Web page caption snippets
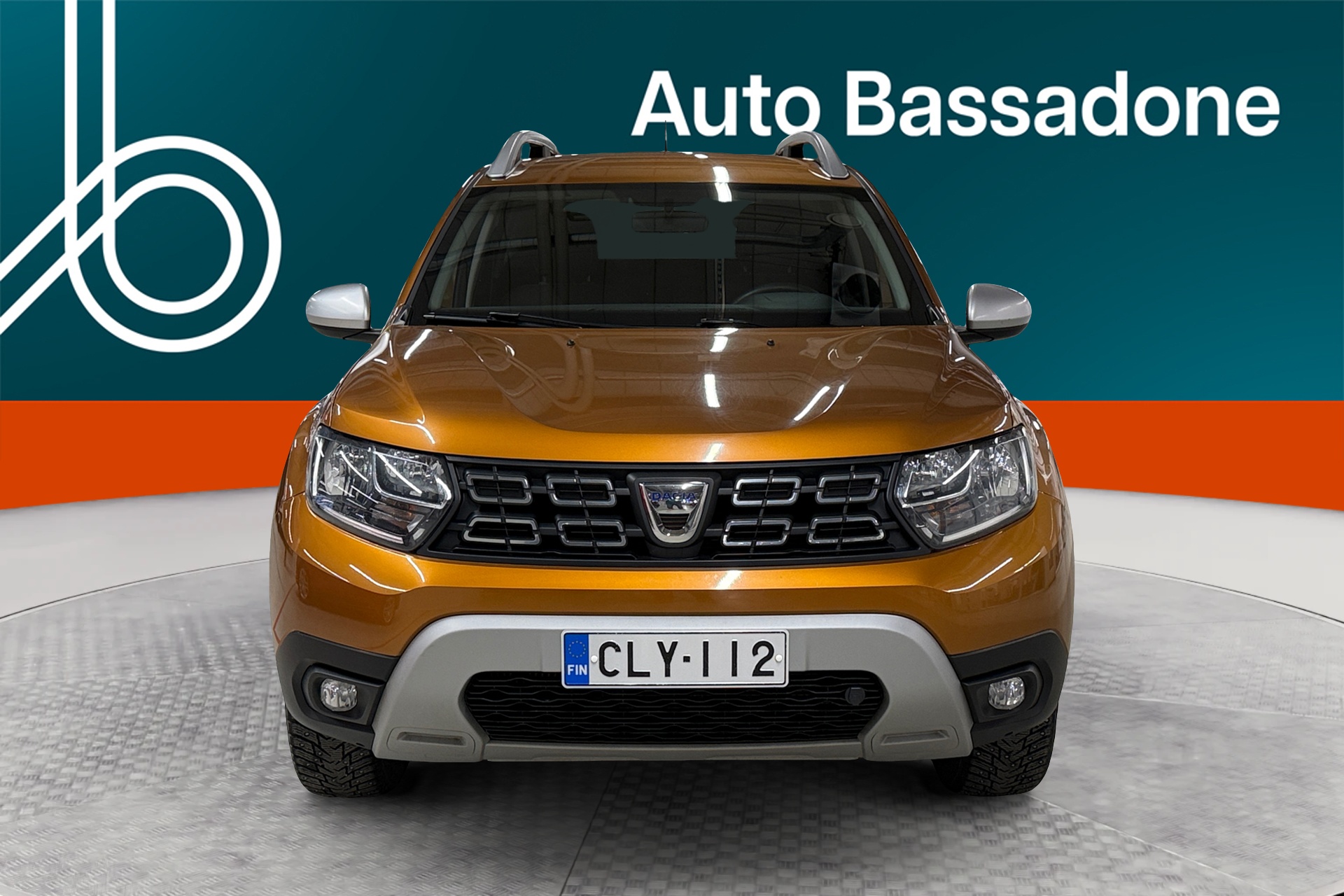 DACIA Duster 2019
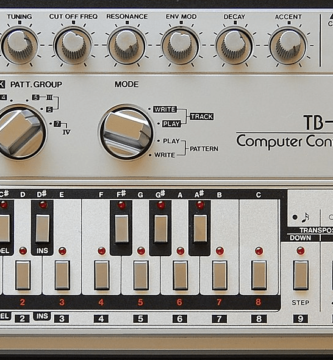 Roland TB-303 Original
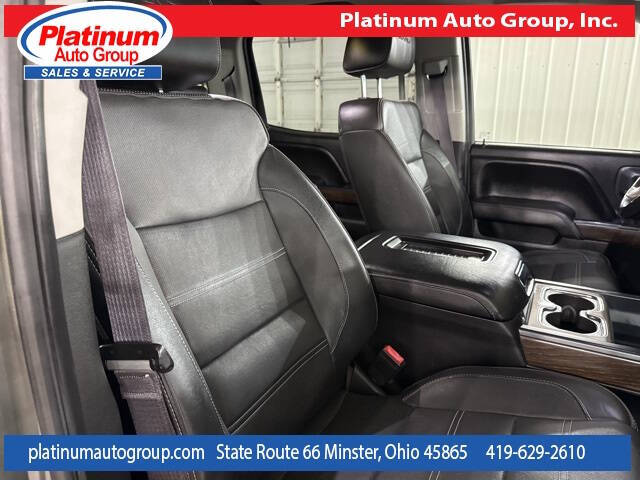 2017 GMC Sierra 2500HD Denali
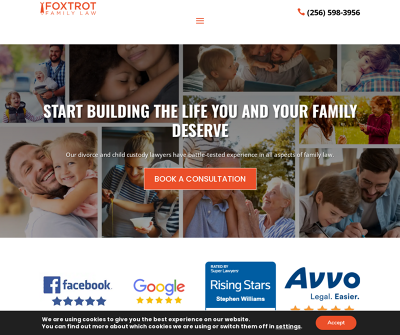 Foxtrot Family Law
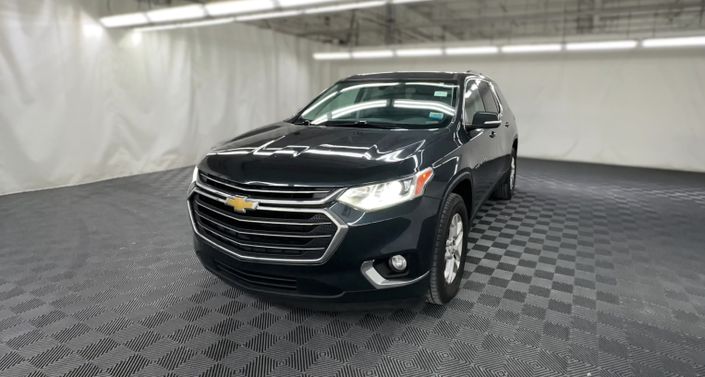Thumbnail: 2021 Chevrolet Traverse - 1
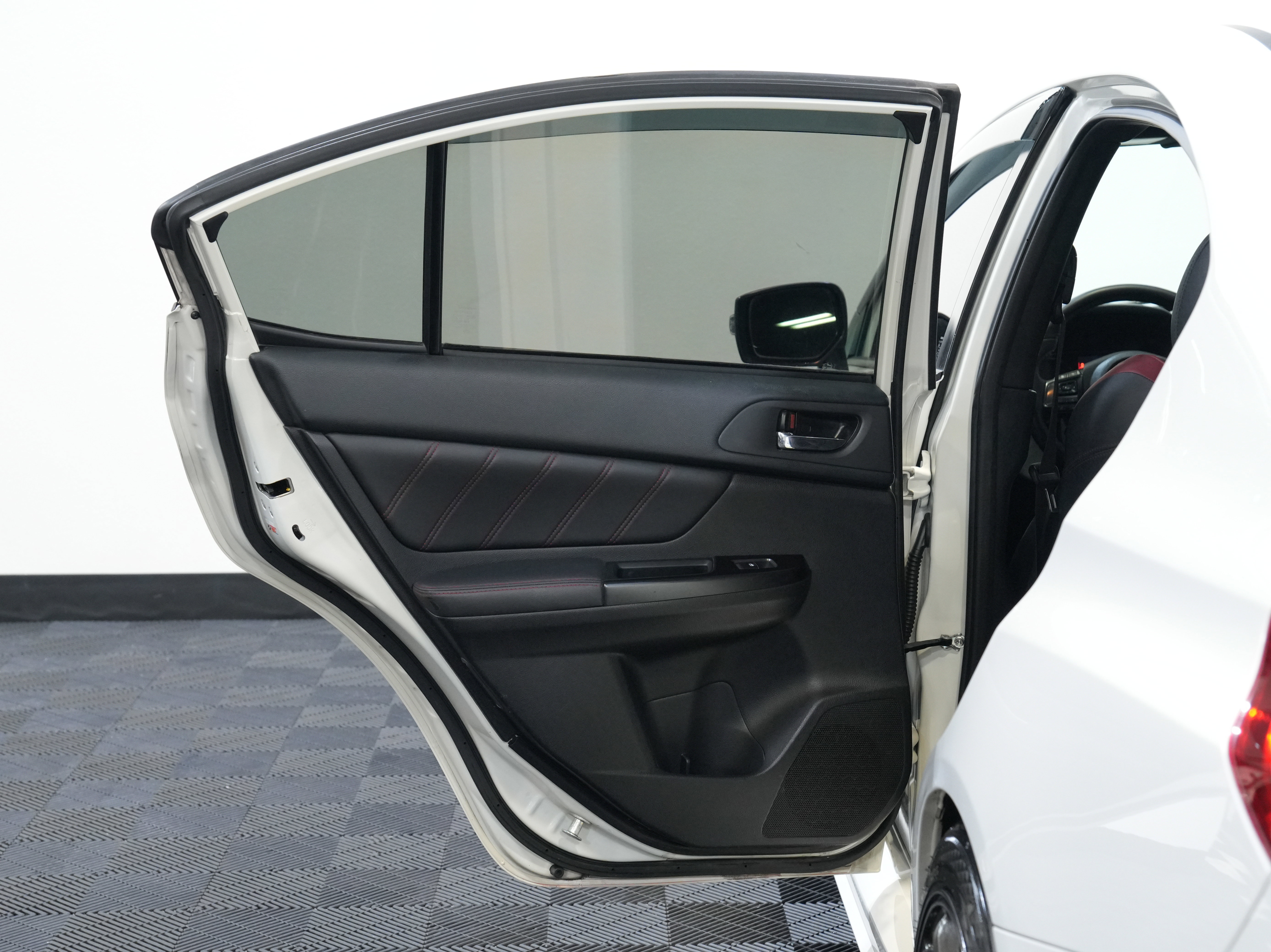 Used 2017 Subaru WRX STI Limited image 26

▶ Problem details: Pictures excluded, return exactly the lines from the one with "Thumbnail: 2021 Chevrolet Traverse - 1" through the final line of the entries above, both included.

▶ Response below:
Thumbnail: 2021 Chevrolet Traverse - 1
 Used 2017 Subaru WRX STI Limited image 26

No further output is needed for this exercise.